Investing in gold can be as simple as going to a local shop in your city and picking up a coin or jewelry. Just like that, you own a valuable investment that you can actually hold in your hand.
Does that seem too simple? Buying gold without doing your research is easy, but not always the most effective way for an investor to maximize their return on investment. There are many different ways to buy gold, and even though buying bullion is among the most effective methods, there are often better ways than buying from local shops.
#1: Buy Gold Bullion
Buying gold coins and bars remains the easiest and safest way, but instead of going to a local shop, do your research online to find lower prices over premium. Local shops don’t necessarily keep track of up-to-date spot prices, something websites will do automatically. Save money by going online to find lower premiums and insured deliveries.
Gold coins and bars have a few standout advantages compared to other ways of owning the precious metal:
- No third-party risk when you keep it in a vault at home or in secured, allocated storage
- Coins and bars have high liquidity and they are easy to sell
- Coins and bars can be purchased as part of a tax-advantaged retirement savings plan in the U.S. and other countries
If you want to learn more about gold, check this out to learn the details.
#2: Gold ETFs
ETFs (Exchange Traded Funds) are a good way to own gold if you don’t want to have to store and insure it. Gold ETFs come with fees, but are generally considered more cost effective, unless you are frequently trading and paying brokerage fees.

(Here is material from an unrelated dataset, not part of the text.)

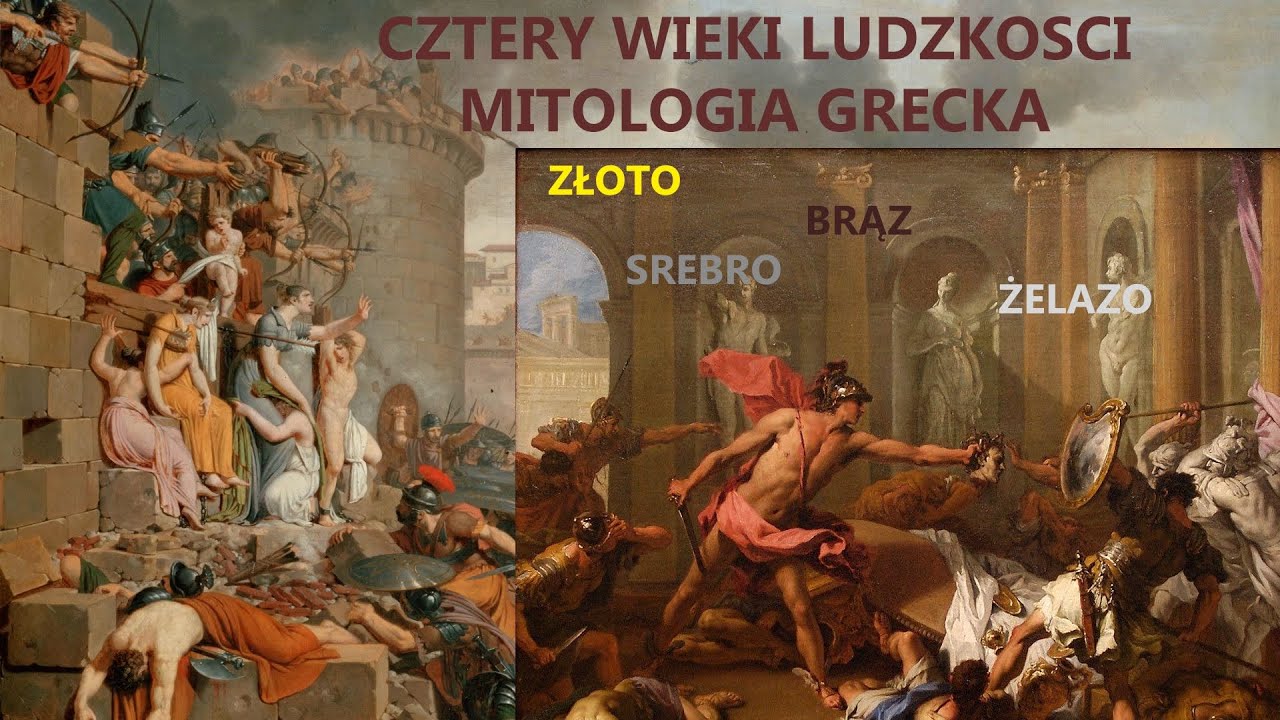 Mit o Czterech Wiekach Ludzkości   Mitologia Grecka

The downsides of ETFs compared to physical gold include issues like counter-party risk (they are similar to mutual funds – it comes down to how much you trust the people managing the fund) and currency debasement. If you’re buying gold because you’re worried about currency debasement, an ETF won’t help you out.
#3: Gold Mining Stocks
Mining stocks are among the riskier ways to invest. They’re valued based on how well the companies are performing and profiting. That means efficiently mining gold. Unfortunately, mining costs are going up and they can’t be slashed if gold prices fall. Stock prices are extremely volatile and go down rapidly compared to minor price decreases in precious metals themselves.
#4: Gold Futures
Gold futures contracts are tough for regular investors who may want modestly-sized positions. Most futures exchanges require you to invest in contracts set at a certain size of either 50 or 100 oz., or around $60K to $120K. That’s more than most investors are willing to invest.
#5: Numismatic Gold Coins
One of the riskier ways of investing in gold is through numismatic coins. These are collectibles and by definition, they are coins that are worth more than their weight in gold. They derive this value from rarity, age, manufacturing details, and other factors that make them desirable for collectors. You may want to begin with silver coins if you are looking for numismatic coins.
Before you decide which way to buy gold, evaluate your personal priorities and which method best fits your goals.